Hippocampal neurogenesis is increasingly recognized as playing a role in hippocampal-dependent memory. Elevating hippocampal neurogenesis enhances performance on hippocampal-dependent learning and memory tasks in rodents11, while decreasing it impairs performance12,13,14,15,16. Neurogenesis-specific changes have been reported in CICI. Formation of new neurons in the dentate gyrus (DG) is reduced by both blood-brain-barrier (BBB) permeable and impermeable chemotherapeutic agents17 and chemotherapy disrupts hippocampal function due to decreased neurogenesis18.
Zinc, an essential transition metal, is important for a vast array of biological functions and is highly enriched in brain.
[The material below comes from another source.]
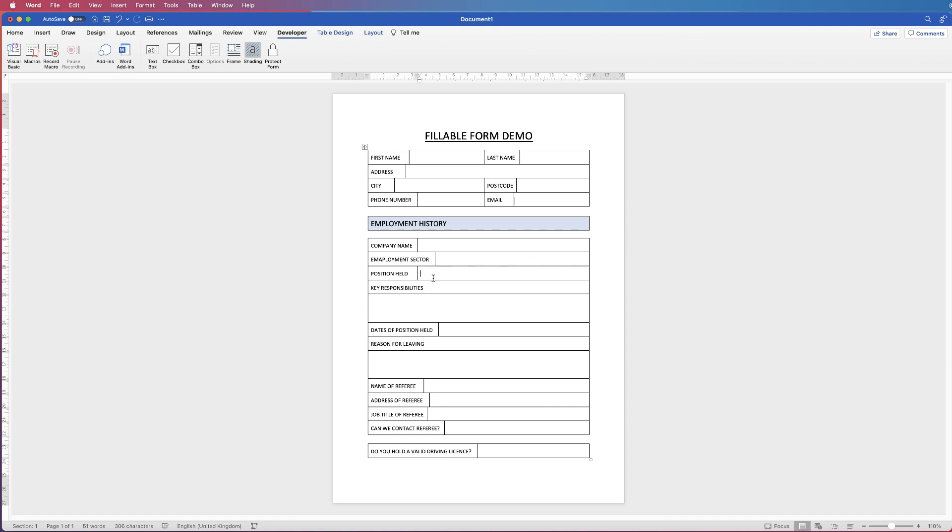Hi and in today's video I'm going to show you how to customize some cells in your fillable form. Today I'm going to show you how you can restrict the amount of characters and words that your user will place in a cell.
Zinc acts as a co-transmitter at various CNS synapses, contributes to synaptic plasticity19,20,21,22 and is involved in the formation of the postsynaptic density (PSD)23. Synaptically released zinc also plays a role in consolidation of long-term potentiation (LTP)24,25,26. Zinc exerts numerous signaling events in the postsynaptic neuron, including protein kinase C, mitogen-activated protein kinase (MAPK), and calcium/calmodulin-dependent protein kinase 2 (CaMK2)27, 28. Zinc has been shown to be important for neurogenesis. In brain, zinc is most highly concentrated in the hippocampal mossy fibers and is therefore likely able to influence hippocampal activity29, 30. Dietary zinc deficiency leads to reduced hippocampal neurogenesis, which is rescued by zinc supplementation31 and impairs performance in short-term memory tasks32. Various insults to brain, such as seizure and traumatic brain injury33, 34 have been shown to induce an elevated rate of neurogenesis following the injury and chelating free zinc prevents this effect. In addition, a recent study has demonstrated that increasing hippocampal vesicular zinc concentrations by dietary supplementation enhances hippocampal neurogenesis under basal conditions35.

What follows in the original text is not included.